Hauck didn’t have any names to put on the sheet.
UNLV takes a remarkably healthy team into tonight’s season opener at Minnesota. The Big Ten Network (Cox Channel 312) will televise the 4 p.m. PDT game.
Considering how banged up the Rebels were at the end of last season when they stumbled to the finish line, the importance of being so healthy can’t be overstated.
“It’s kind of exciting,” Hauck said. “You’d like to (say) that’s by design, how we practiced, how we prepared, how we were able to do it. I’d like to give credit to our smarts, but it’s probably luck in some regards.”
UNLV did suffer one injury at Monday night’s practice when starting linebacker Tau Lotulelei hurt his left ankle or foot. Hauck said via text message Wednesday he expected the redshirt freshman to play.
If Lotulelei suits up, that would boost UNLV’s chances of upsetting the two-touchdown favorite Golden Gophers and ending its 22-game road losing streak.
The Rebels almost beat Minnesota last season, falling 30-27 in triple overtime.
This is a veteran Rebels team that returns nine starters on each side of the ball but also a program that has won just two games in each of the past three seasons and seven of the previous nine years.
The Gophers operate a run-based offense, with Philip Nelson calling the plays at quarterback.

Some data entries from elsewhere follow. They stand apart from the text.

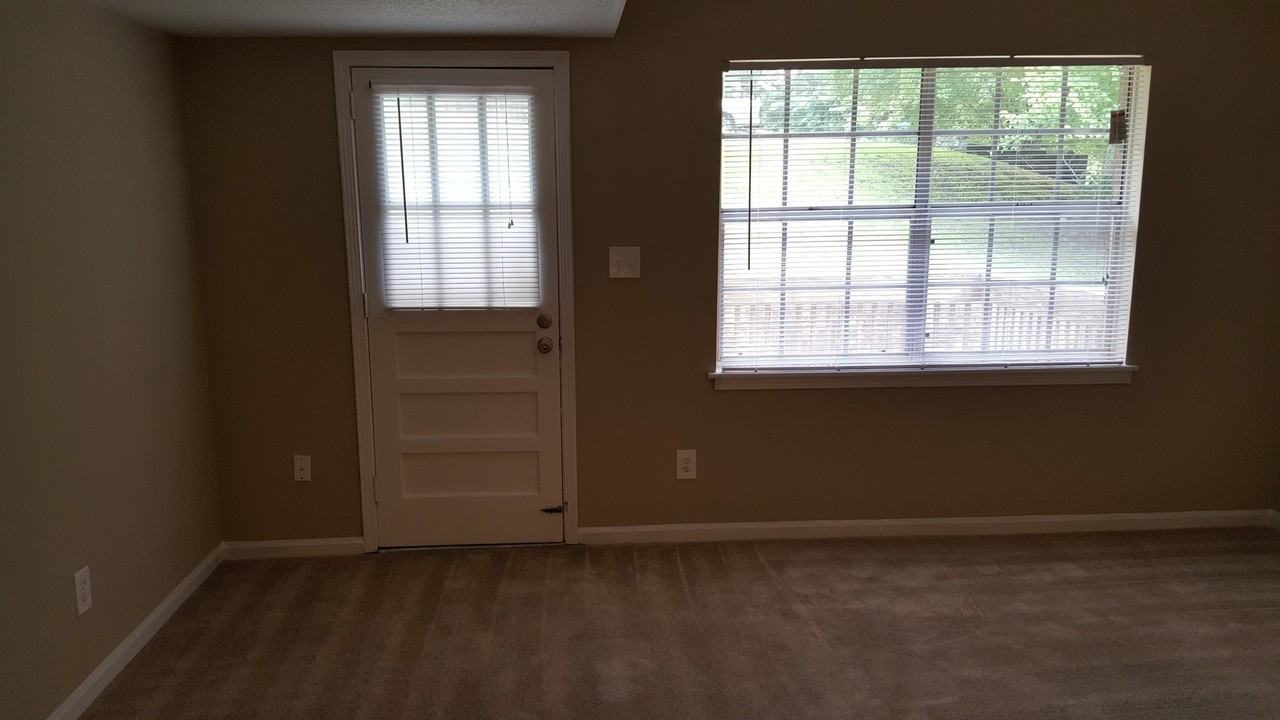 2274 Chapel Hill Rd - Photo 3 of 8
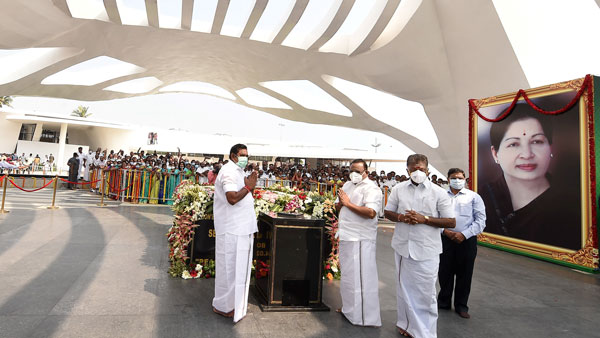 ஜெ. நினைவிடம் போகும் சசிகலா ஜெ. நினைவிடம் போகும் சசிகலா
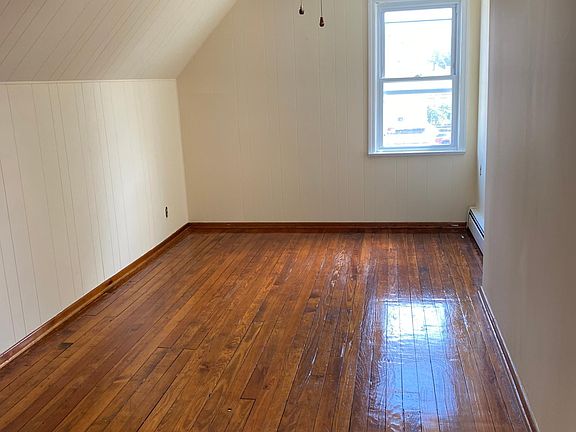 1ST BEDROOM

Nelson, who started the final seven games last season, completed just 49.3 percent of his passes for 873 yards and eight touchdowns, with eight interceptions. He also rushed for 184 yards.
Donnell Kirkwood returns at running back after rushing for 926 yards and six touchdowns, and expect the Gophers also to give the ball to Rodrick Williams Jr., who finished with 261 yards and two TDs.

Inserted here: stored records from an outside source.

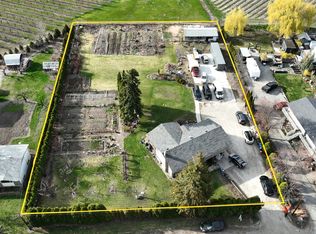 2662 Longhill Rd, Kelowna, BC V1V 2G5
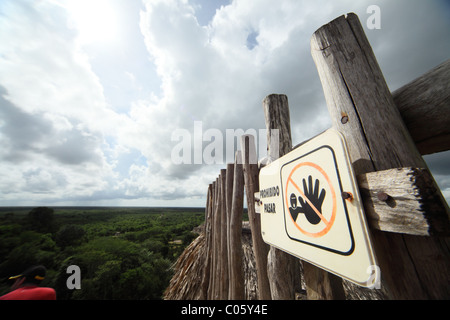 SCHILD AM MEXIKANISCHEN MAYA-RUINEN, EK BALAM, MEXIKO Stockfoto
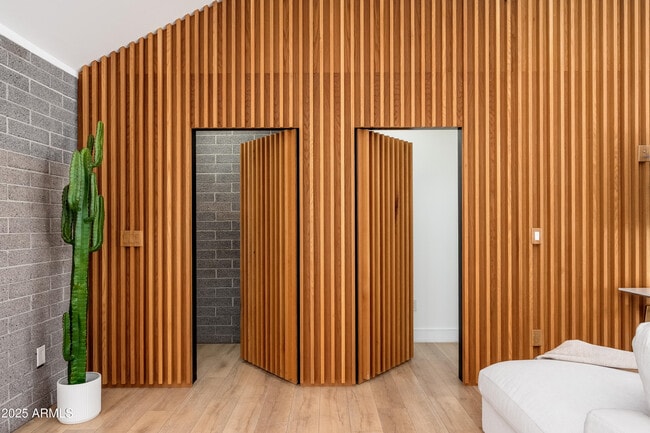 Building Photo - 4421 E Earll Dr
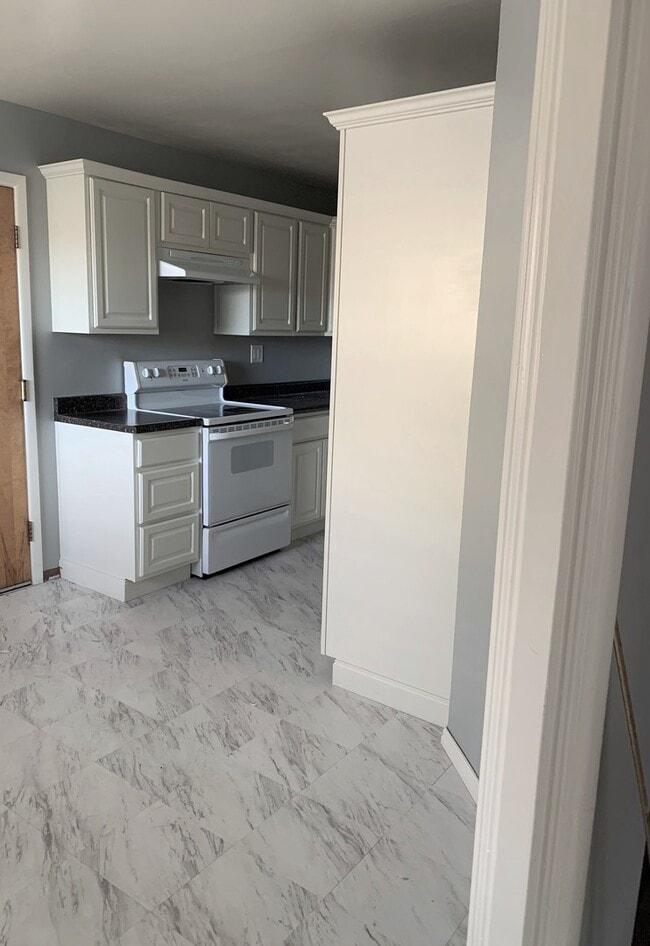 Building Photo - Martin St Unit 225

Minnesota needs to improve an offense that averaged 22.1 points per game last season, scoring just 13 in regulation against UNLV. The Gophers also averaged 321.4 yards.
They went to their first bowl in three years mostly because of a defense that allowed 24.7 points and 358.6 yards. However, the top two tacklers from that team, Troy Stoudermire and Mike Rallis, are gone.
If this game was at a neutral site or in Las Vegas, oddsmakers probably would give the Rebels more respect. But it’s difficult to discount how badly they struggle when they board a plane.
That was proven at the end of last season when UNLV went to Colorado State and Hawaii as the slight favorite in each game and got blown out both times.
The Rebels also were a beaten-up team by that point, with quarterback Nick Sherry, running back Tim Cornett and offensive left tackle Brett Boyko dealing with various injuries.
“I’ve been 100 percent for a while now,” Cornett said. “I’ve fallen on (the shoulder), tackled on it, I’ve been pushed on it, I’ve pass-protected on it. I’ve done everything I would do in a game.”
Sherry called having the team healthy “huge.”
“It gives you a little confidence, but you’ve got to be able to play through injury like you don’t have an injury,” Sherry said.
Hauck tried to avoid injuries in training camp by using spring practices for the hardest hitting.
It’s a national trend, even in the NFL, where coaches back off in preseason because they don’t want to lose key players when the games count.
“Where the rubber meets the road, we better tackle well on Thursday night,” Hauck said. “We’ve got a good tackling football team. I think we’ve become a team that tackles pretty well in space. That needs to show. That’s the calculated risk you take by not doing the live stuff.”